Provided by South Texas Solar Systems Inc. and Atlas Engineering
Atlas Engineering- Group of four mechanical engineering graduates from UTSA. (Benjamin Jacobsen, Vi Romero, Luis Aguilar, Esma Shahin) A group of four college seniors were required to innovate a ‘senior design’ as their final project before graduating with a Mechanical Engineering Degree from The University of Texas at San Antonio. The project originated from a series of discoveries with installations. One area of possible improvement was laborer safety while moving solar panels up to the roof on a ladder. A main point of interest included engineering a way to decrease overreach from the ladder and roof that comes with existing lift systems.

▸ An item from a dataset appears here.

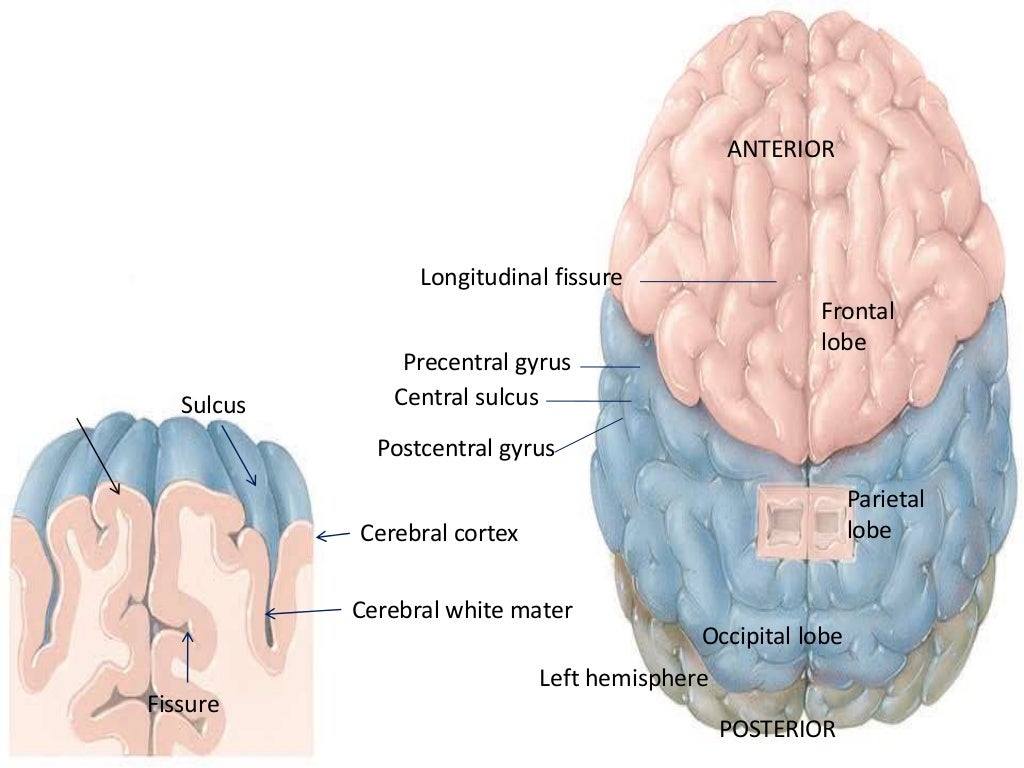 hemiparesis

While some products on the construction market showcase lift systems that have the potential of carrying panels up to the roof, they are not able to position the panels to where the installer doesn’t have to reach over or around the lift system to get the panel off the ladder.
Solar photovoltaic capacity is projected to triple in the U.S. over the next 5 years and the demand for solar panel installations will increase accordingly.
Currently, residential solar panel installations are performed manually. South Texas Solar Systems follow the best safety practices in the industry, as laborers carry one panel up the roof at a time.
The Solar Panel Roof Lift, designed, manufactured, and tested by ‘Atlas Engineering,’ aims to drive down labor costs and safety risks by replacing the manual component of residential solar installations with a transportable, efficient design consisting of rail, carriage, and motor subassemblies.
The device seeks to replace the manual component of carrying individual solar panels, weighing anywhere from 40 to 50 pounds, up a ladder to deliver to residential roofs for installation. Imagine carrying a 40 pound, 3′ x 5′ solar panel up a ladder, 30 times in a row.
The Solar Panel Roof Lift succeeded in being able to lift up to five average sized solar panels up to a one story roof and maintain them at convenient position for holding meanwhile other operations carry on.
The device demonstrated stability, corrosion resistance, and transportability, all of which were important specifications for the design. The year-long Senior Design project proved a success, coming in under the initial budget, while further work may include improvements mainly for aesthetics.
The group of four UTSA alumni, self-named “Atlas Engineering”, would like to thank South Texas Solar Systems Inc. for their sponsorship and guidance.